Because I am a member of ASCD, I get a new book sent to me each month as part of my membership. That is wonderful! Add to them the books that I purchase on my own and I am amassing quite an impressive professional library. I read as many blog pieces as time allows. And I try to attend several Edcamps and conferences each year.
Sometimes the solutions to my problems cannot be found in either of the above. No matter how hard I try I just can’t figure out what to do. No matter what approach I use there are times when I simply am unable to reach certain children.
Do I ask my Voxer group for advice? Sometimes. But there are even times when this amazing group can’t help me.
So what now?
I turn to a child. Why didn’t I think of this in the first place? We’ve all encountered situations where a child was able to make a connection that we couldn’t. Older siblings teach their younger brothers and sisters things that absolute amaze us.
And yet we rarely look to children for advice. Instead we consult a colleague or we go online to find the latest article on the topic. Not that there is anything wrong with this approach. In this world of PLN’s and digital connectedness, we have access to the greatest minds in education right at our fingertips.
Yet, I can’t help but think that we are not tapping into what may be our greatest resource. The children.
I for one am going to start enlisting their help more often. In fact, I did just that earlier this week. I had a situation that I wasn’t quite sure how to handle. Two boys, who can be highly volatile, got into a small fight. More of a pushing match, if you will.
One of the boys was able to quickly move on. I knew he would be fine the rest of the day. The other student I was very concerned about. He has a hard time letting things go and I knew this was going to be no exception.

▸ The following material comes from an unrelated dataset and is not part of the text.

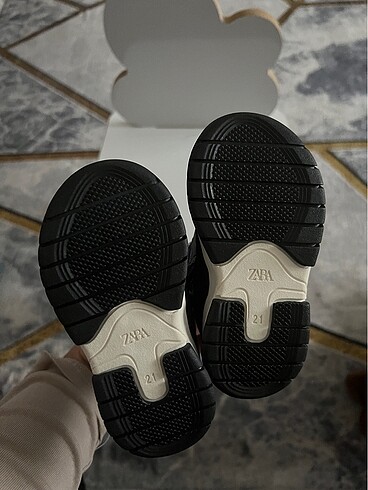 21 Beden Zara bot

The problem was that I needed to get both boys together to mediate the situation so that they could move forward with their day. But how? I consulted a few colleagues, but neither of them had a definitive solution. My shelf full of books didn’t make a peep. I was certain that my Voxer group was already at work dealing with their own issues so checking with them was not an option.

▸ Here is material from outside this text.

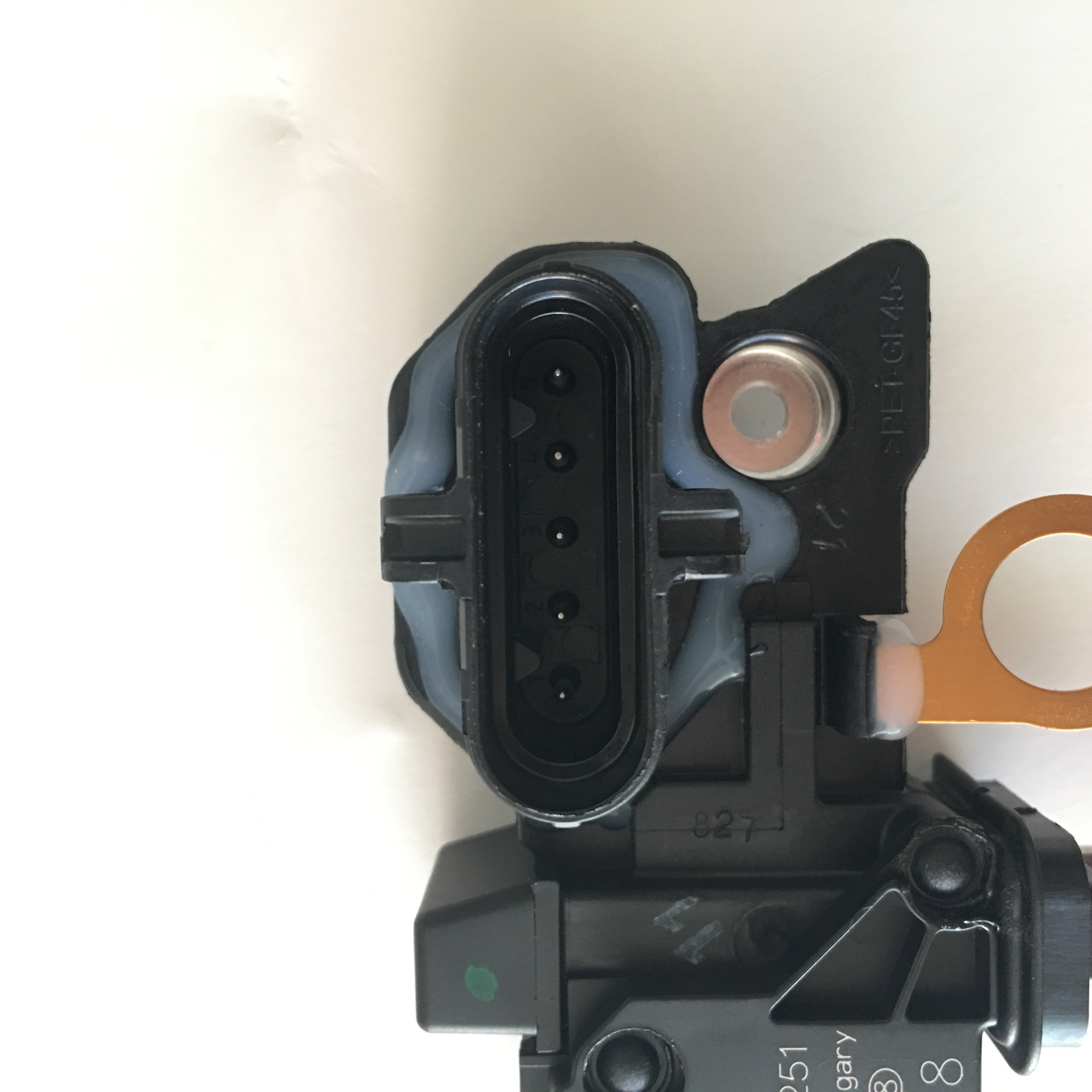 FOR IVECO EURO CARGO IV 150E.28 F4AFE611C ORIGINAL REGULATOR TRUCKS CARGO ALTERNATOR PARTS VOLTAGE F00MA45251 2123080 42577868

So I made a decision to ask a child for help. In fact, the child that I asked was the boy had already put the fight behind him. I sat him down and told him I needed him to do me a favor. I asked him if, once I got them both in my office, he could apologize first.
This was huge! Huge because I think it was the only way to get the other boy to process the event and move forward. And huge because the boy who I was asking to apologize first was not the one who had that started the fight.
I still wasn’t sure if this would work. But I was hoping. He waited on the sofa. I was so proud of him for agreeing to do this. When the other boy entered my office he decided he didn’t want to sit down. He was still upset and observably uncomfortable. This wasn’t easy for him. But then he received an apology. And that was all it took. He apologized too.
While it wasn’t a kumbaya moment, it was progress. Progress that I am certain would not have been made if I hadn’t asked the one boy for help. Both boys were able to finish the day in school and they did not have any more issues with each other.
Looking back I lament the fact that I haven’t asked students for help more often. Of course there are times when situations need to be handled strictly by adults. And that makes sense. We are the professionals and we are trained to do our jobs.
But I believe there are many situations that take place over the course of a day where we could and we should turn to our students for help. And when we do, I think we need to be prepared. Prepared for just how much they have to offer. What do we have to lose?